PigHeaT RRBS analysis
Analysis of PigHeaT RRBS data.
Whole-blood samples were taken form back-cross pigs Large White x (Large White x Créole pigs) that were raised in either a temperate or a tropical facility.
Reads were processed by Sonia using Remi's RRBS pipeline: private link to pipeline
01. metadata cleaning
Over the 479 initial RRBS samples, one file was not successfully processed (over-covered, not enough allocated compute ressources). Two fruther libraries had 0 CpG sites covered with at least 10 reads: GC45472 and URZ3149. Metadata was gathered from the PigHeaT sharepoint for the remainig 476 samples, leading to this metadata table.
02. BED import into a BSseq object
BED import into a BSseq object was performed on the GenoBioinfo cluster as following:
sbatch 02_data_import_genobioinfo.R
03. BSseq filtering
BED filtering was performed on the GenoBioinfo cluster as following:
sbatch 03_bsseq_cleaning.R
The initial object was a mostly empty matrix of 477 RRBS samples over 3.155.227, strand-merged, CpG sites. Only CpG sites with at least 10 reads in more than 80% of the samples (more than 381 samples) were kept, resulting in 221.580 CpG sites. Only RRBS samples with at least 10 reads in more than 30% of the 221.580 CpG sites (more than 66.474 CpG sites) were kept, resulting in 435 RRBS samples. CpG sites that were overlapping biscuit-identified SNP were removed, filtering an additional 479 CpG.
The filtered object was consituted of 221.357 CpG sites and 435 RRBS samples.
04. Differential analysis using DSS
Average DNA methylation was oberved on the 221.357 CpG sites.
We observed a bimodal distribution of DNA methylation.
The link between the average and the Standard Deviation of the DNA methylation levels was also investigated:
Only variable CpG sites (SD > 0.05) were kept for the differential analysis, keeping 69.854 CpG sites.

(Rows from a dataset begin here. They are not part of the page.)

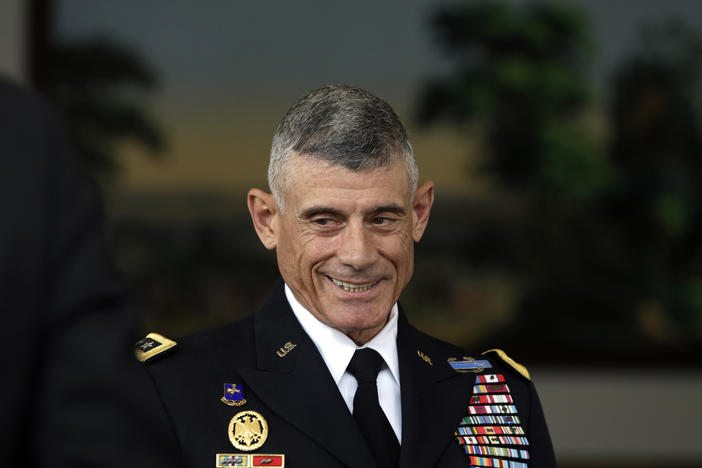 Retired Army Lt. Gen. Robert Caslen, pictured in 2014 when he was superintendent of the U.S. Military Academy, resigned Wednesday as president of the University of South Carolina.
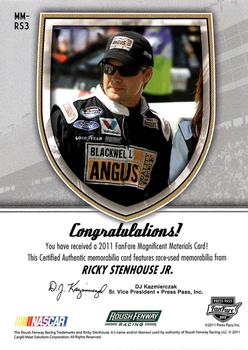 2011 Press Pass Fanfare - Magnificent Materials #MM-RS3 Ricky Stenhouse Jr. Back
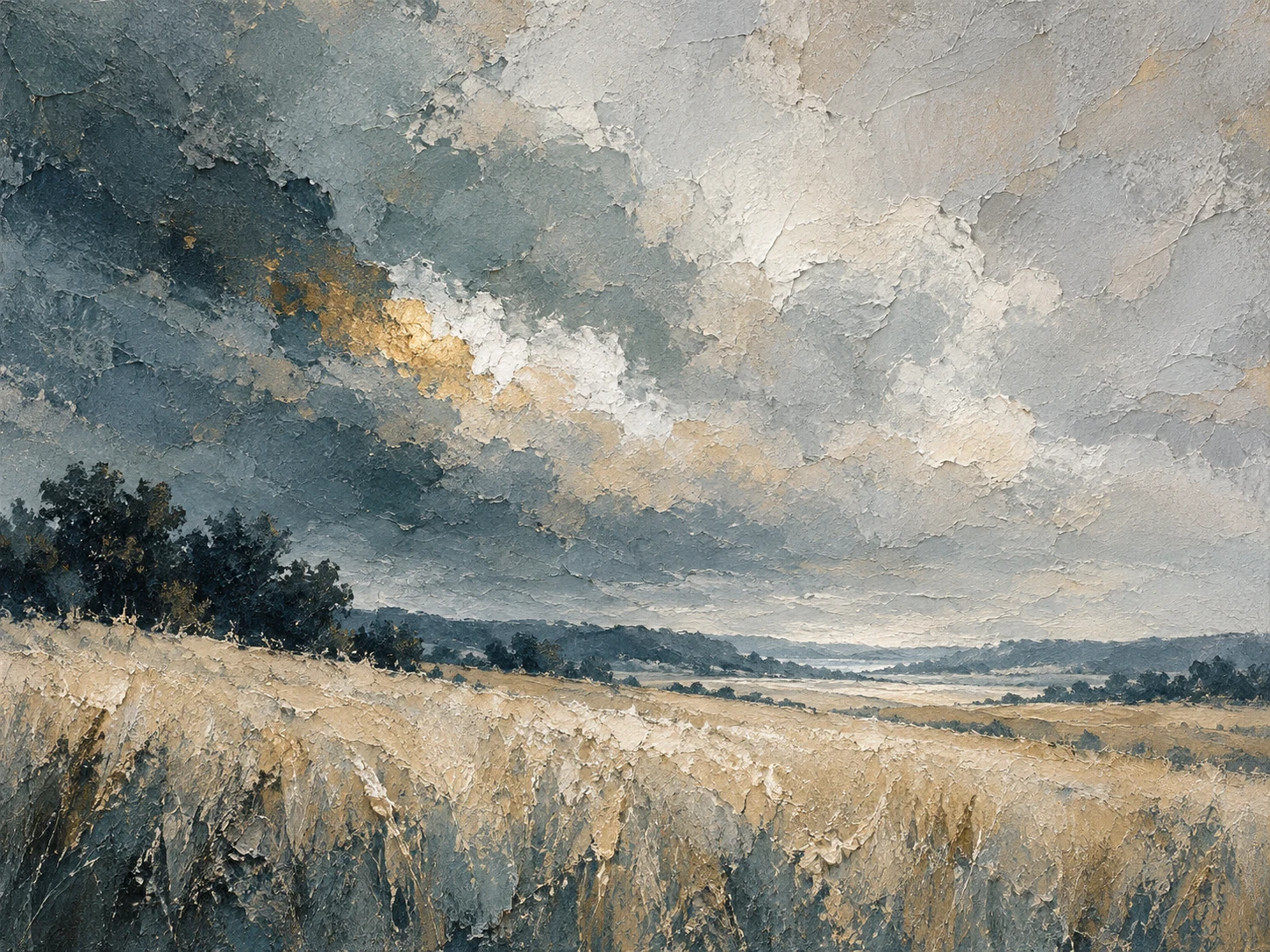 A wheat field under a heavy sky in gray, stone, charcoal, sand; landscape artwork.
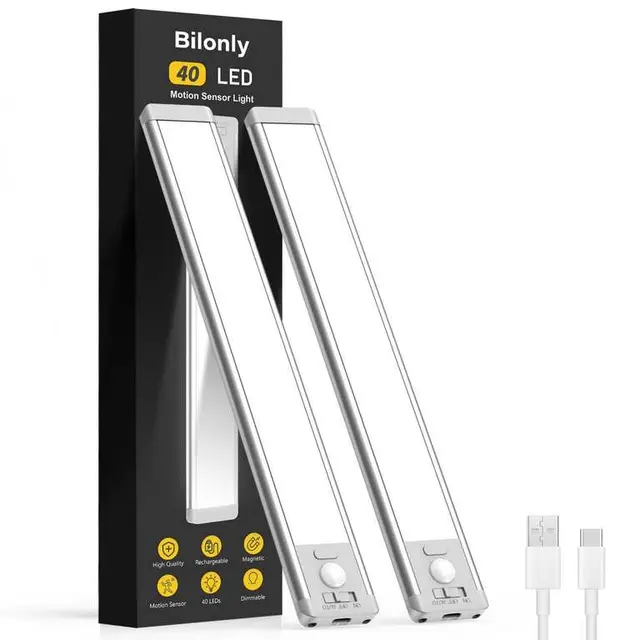 Bilonly 40-LED Rechargeable Motion Sensor Under Cabinet Lights, 2-Pack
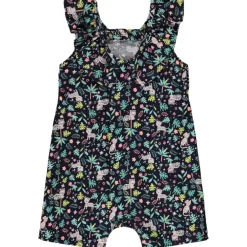 Combishort en voile imprimé jungle pour bébé fille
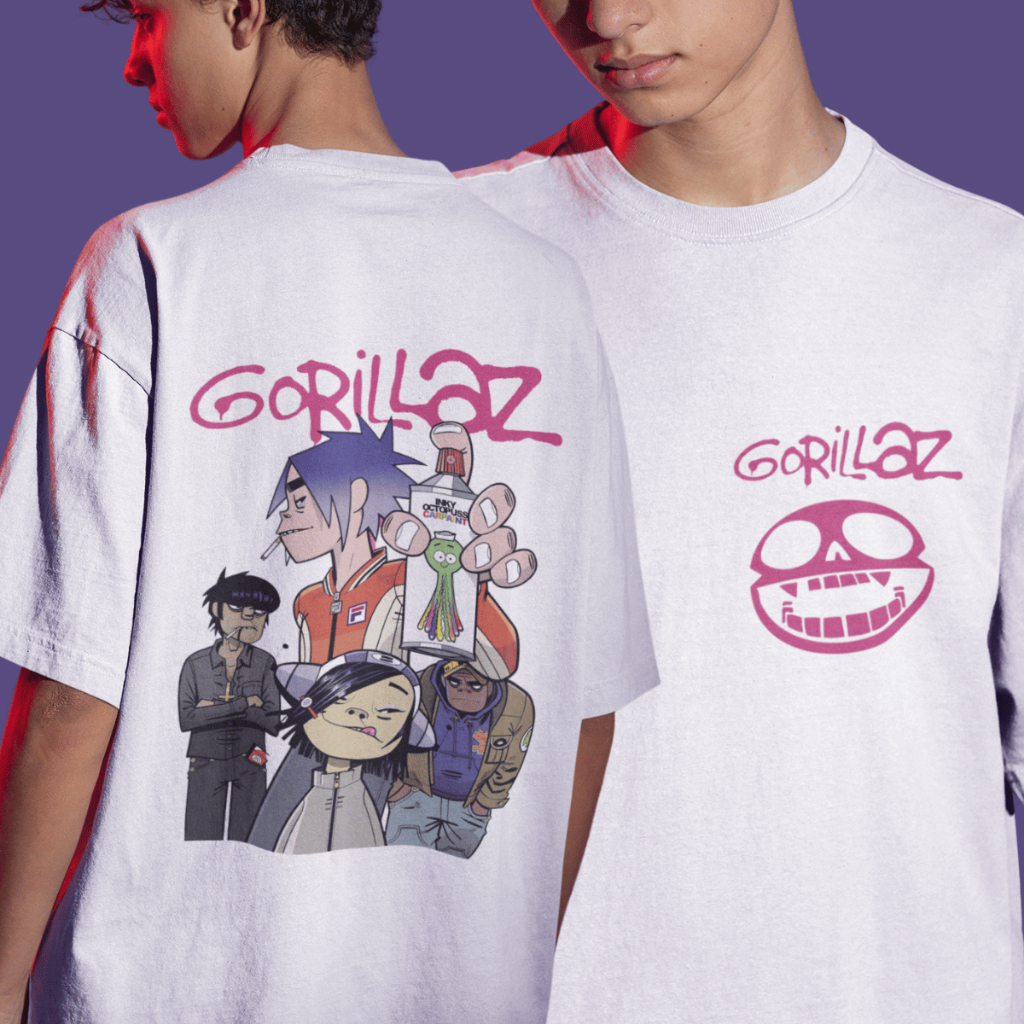 Camiseta Banda Rock 90's Gorillaz Estampada Camisa Unissex Algodão Premium Tendência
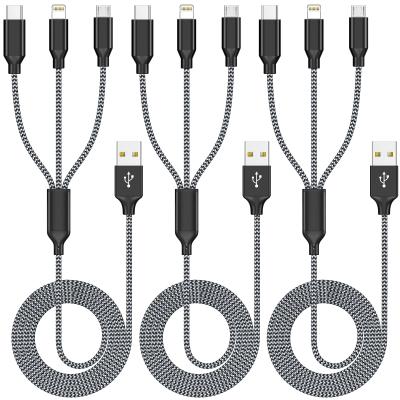 中国 3 in 1 USB 充電ケーブル マルチ 電話コード Type C/Micro/Lightning USB コネクタ 販売のため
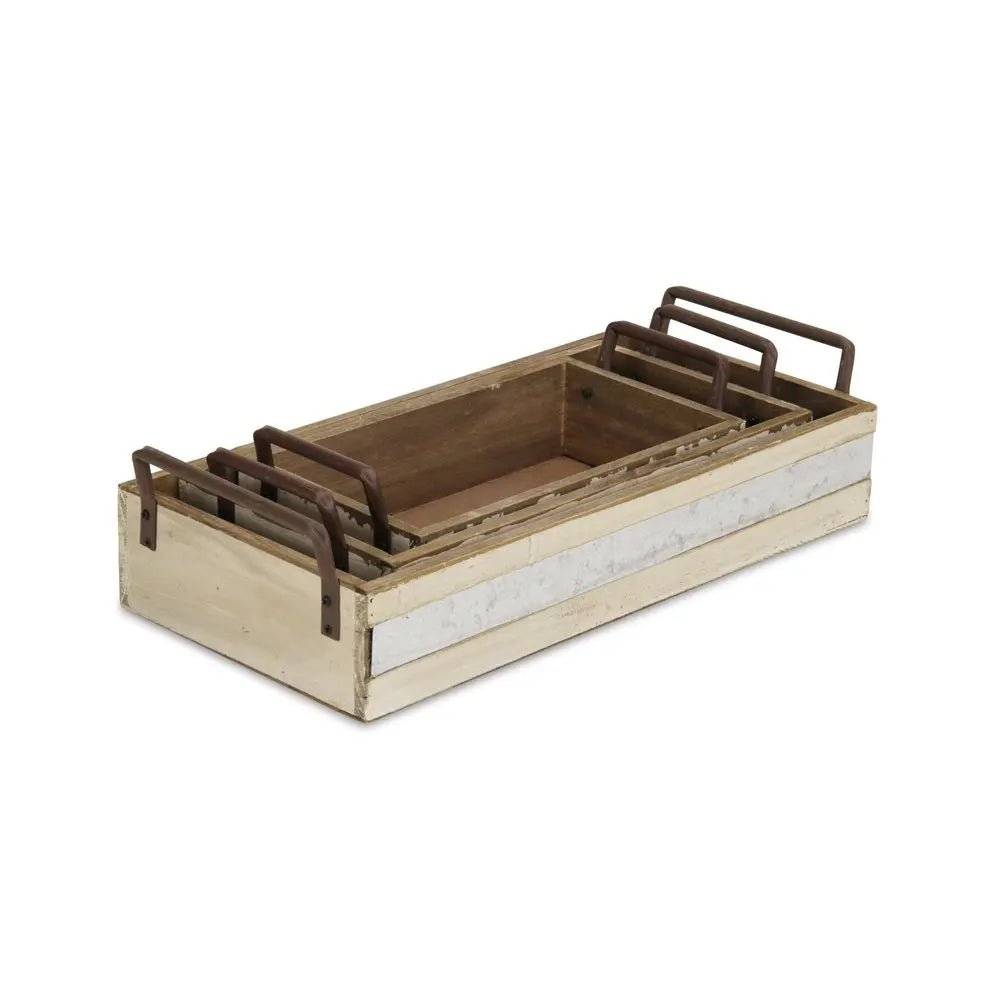 Set of Three White Solid Wood And Metal Crate - NOBLE HOME INTERIORS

Differential analysis was perfomed using DSS v 2.54.0, using unsmoothed DNA methylation data,
DMLfit.multiFactor
on ~ environment + sex
, and FDR multiple-testing correction.
This resulted in 179 (0.26%) CpG sites differentially methylated between the two environments,
and 2110 (3.0%) CpG sites differentially methylated between the sexes.
23.6% (498) of the sex-DMC were on the X chromosome.
DMC were exported as .bed
files: env DMC, sex DMC.
Here are two env DMC examples.
Here is one sex DMC example.
The heatmap of sex DMC is ok-ish:
While the heatmap for env DMC is ugly due to high individual variability:
(Grey = not enough coverage to compute % meCpG)
Mahattan plots of DMC were also generated, were the genome wide threshold in red is the FDR = 0.05 threshold.